On the Market: Union Square Cafe Finds New Home in Union Square

Morning links from the New York Observer.


Union Square Cafe will be staying in Union Square. The New York Times reports that the neighborhood-defining restaurant, which decided to leave it 30-year home because of a massive rent increase, will be re-opening at City Crab’s space on Park Avenue South and 19th Street. And Danny Meyer, apparently quite sensitive to the unpleasantness of displacement “is even taking on responsibility for City Crab’s employees” and will try to place all 75 within its own holdings.

In other restaurant news, Momufuku is opening another outpost on Eighth Avenue and 21st Street, according to DNAInfo.

Citco, a business that specializes in providing investment firms with support services is making a (minor) play to get into the co-working game, Crain’s reports. The company, which already has an office at 350 Park Avenue, leased an additional 20,000 square feet that it plans to sub-lease to as many as 25 other companies.
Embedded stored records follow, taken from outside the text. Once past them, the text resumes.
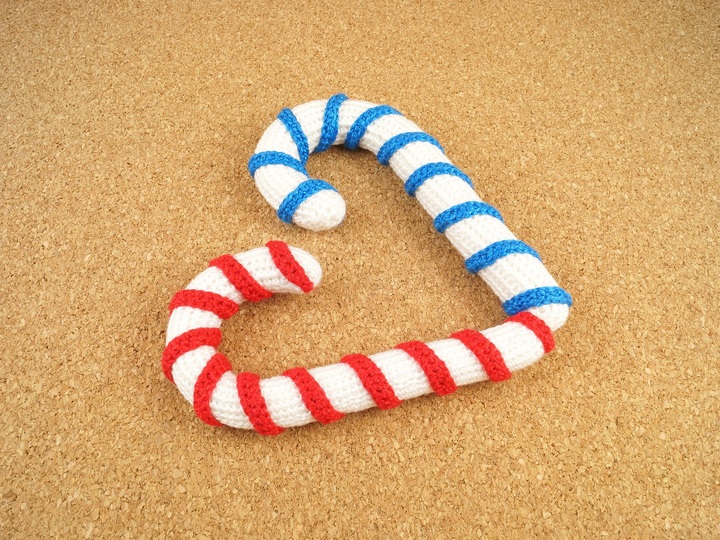 Zuckerstange - ohne Draht - Häkelanleitung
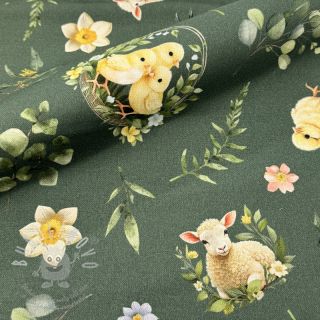 Dekorační látka Bohemian Easter Mood digital print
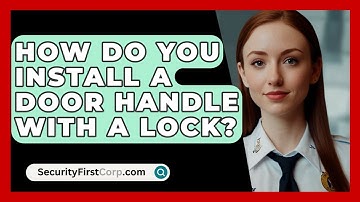 How Do You Install A Door Handle With A Lock? - SecurityFirstCorp.com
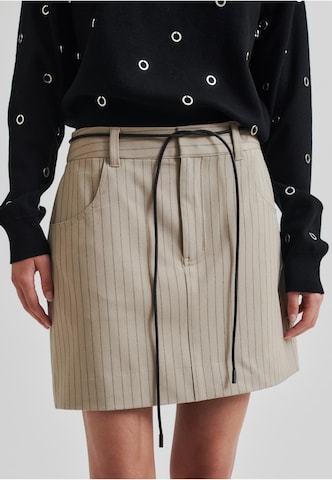 SECOND FEMALE Rayures Mini Skirt ' ' in Braun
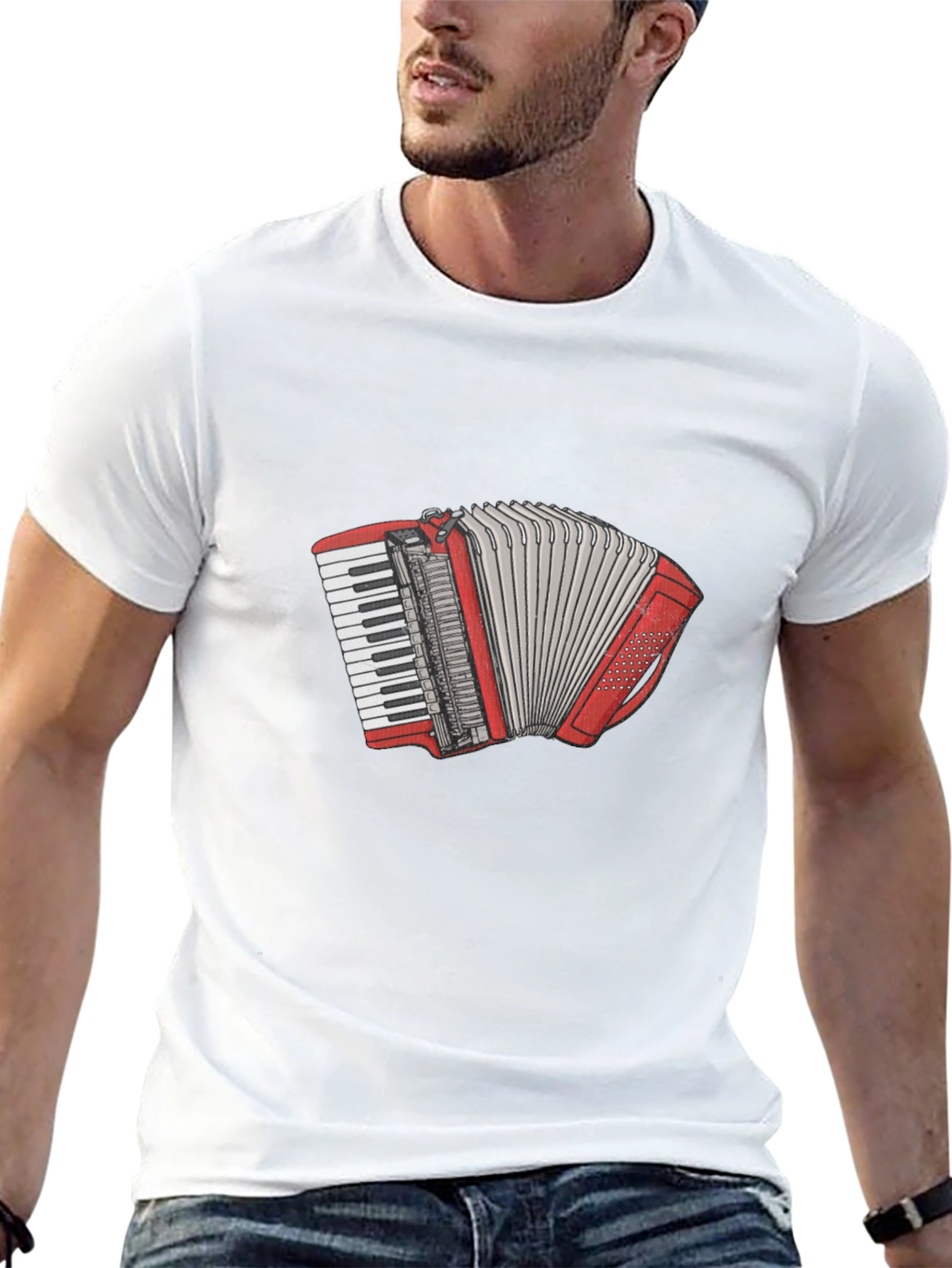 Accordion Graphic T-Shirt - Musician Tee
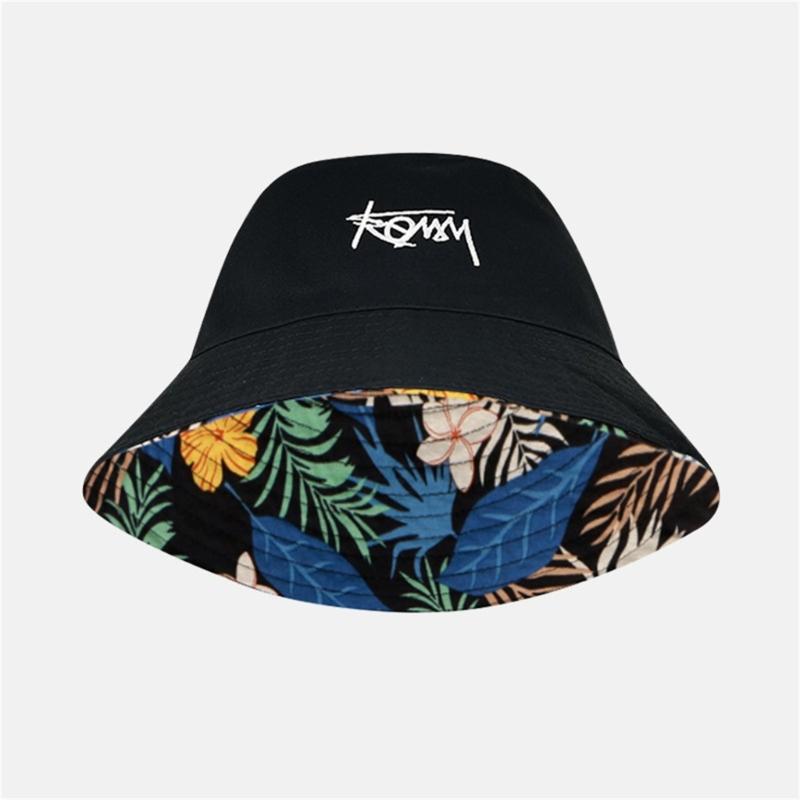 Unisex Reversible Fishing Hat Breathable Polyester Wide Brims Sun Protection Fisherman Hat for Summer Vacation Wear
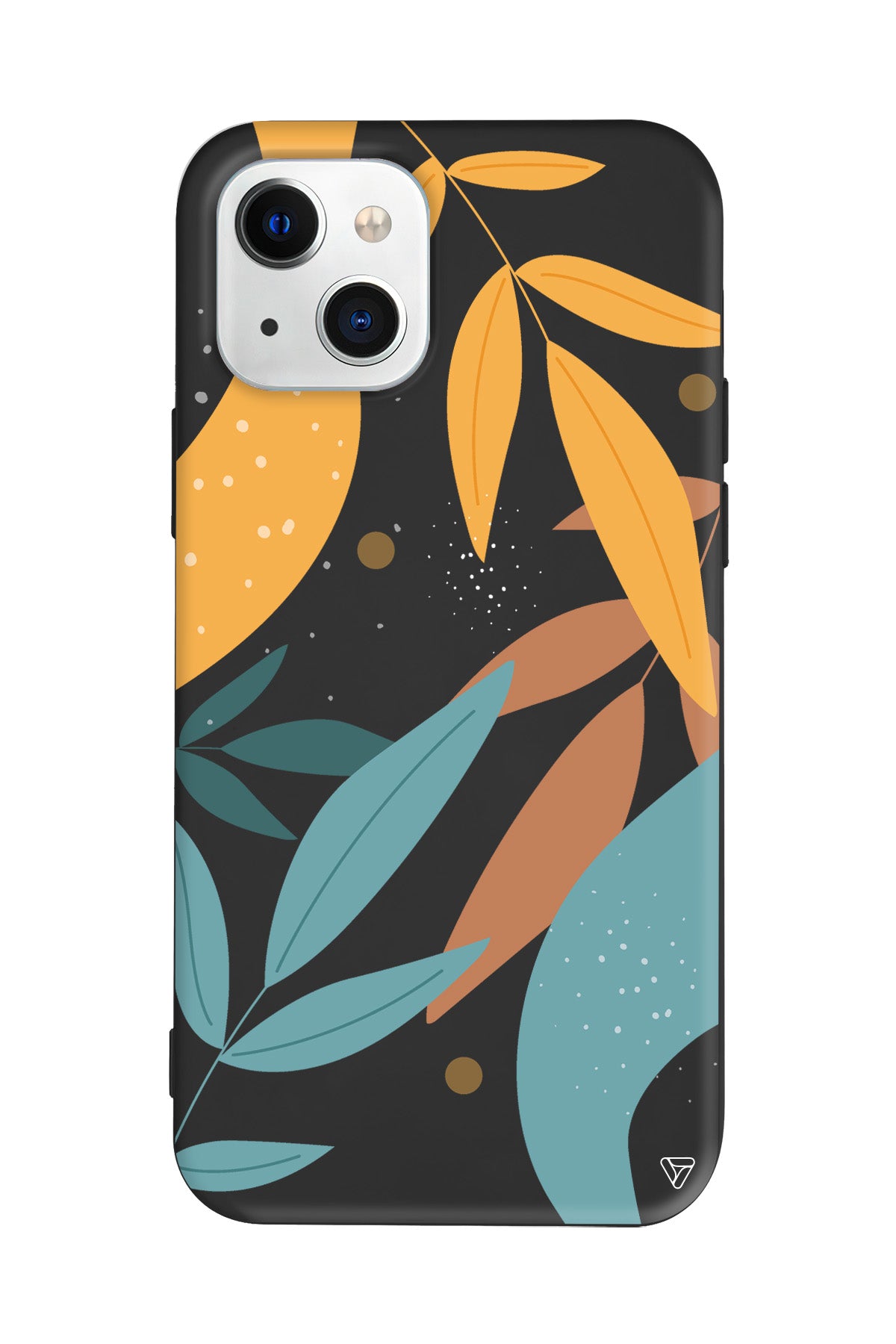 Leaf Shape Lansman Model İçi Kadife Silikon Telefon Kılıfı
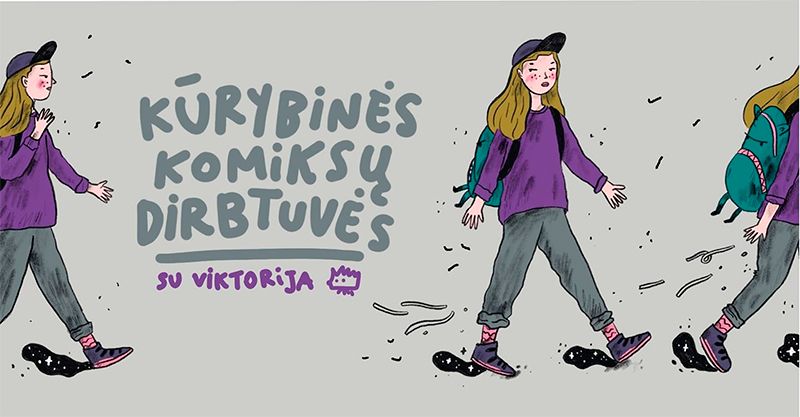 Kūrybinės komiksų dirbtuvės su Viktorija Ežiuku / Pirmoji diena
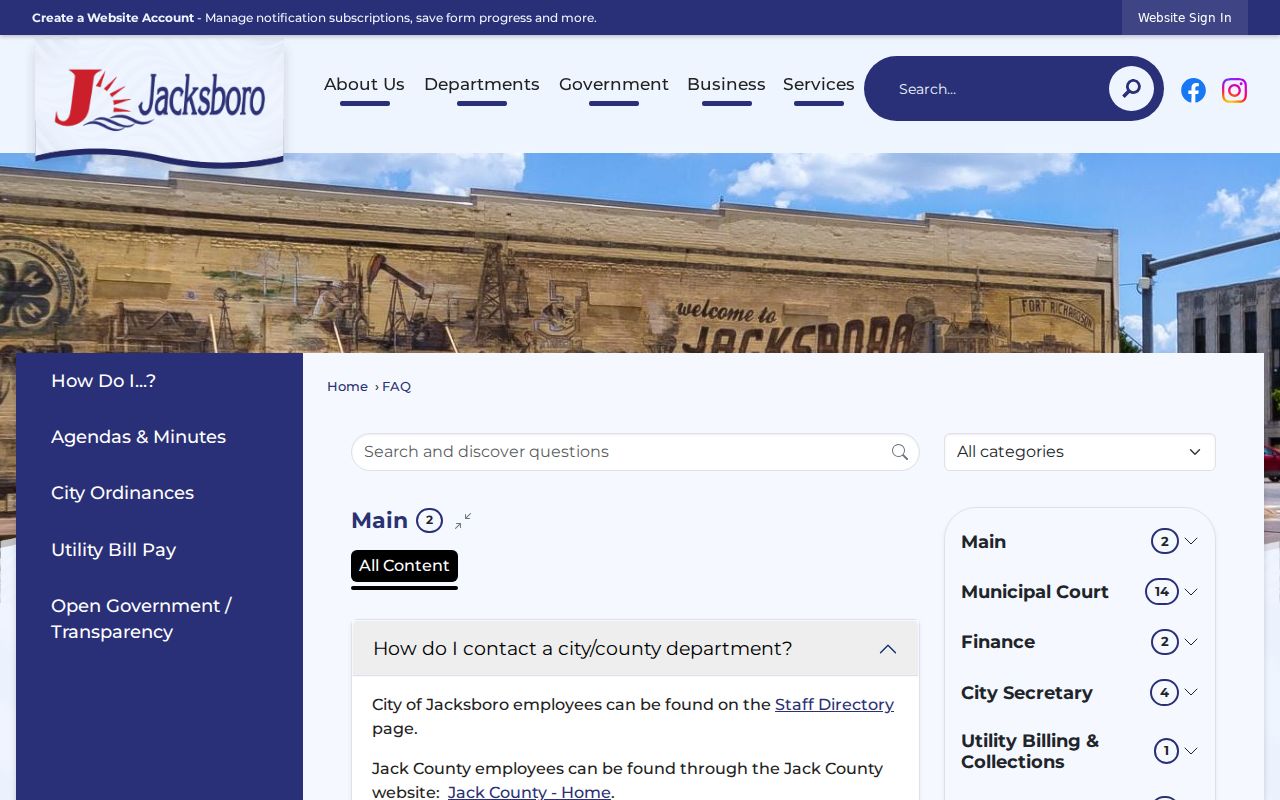 Jack County traffic warrant contact, Jacksboro Municipal Court FAQ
Volunteers from the Department of Consumer Affairs are launching an outreach effort to stop businesses from air conditioning the sidewalk, Gothamist reports. “Throughout New York City, many businesses open their doors during the hot summer months to lure customers inside with cool air. This practice should never be seen as a cost of doing business—but a harmful cost to our city’s environment and a waste of money for the business,” writes DCA Commissioner Julie Menin.

Even the Germans aren’t immune from transit boondoggles: Bloomberg Businessweek takes a deep dive into the $6 billion embarrassment that is Berlin Brandenburg airport. Among the problems with the “state of the art” facility: replacing a faulty fire alarm system with an even faultier one: human fire watchers, who were to watch for smoke communicate via a cell phone chain in an area with notoriously flukey cell phone service.

Things are not looking great for public transit: after city hall backed down on the Uber cap, Gov. Andrew Cuomo told NY1 that if the MTA wants money to close its capital plan gap, it had best look to city hall, as reported by Capital NY, which points out that Cuomo basically controls the MTA.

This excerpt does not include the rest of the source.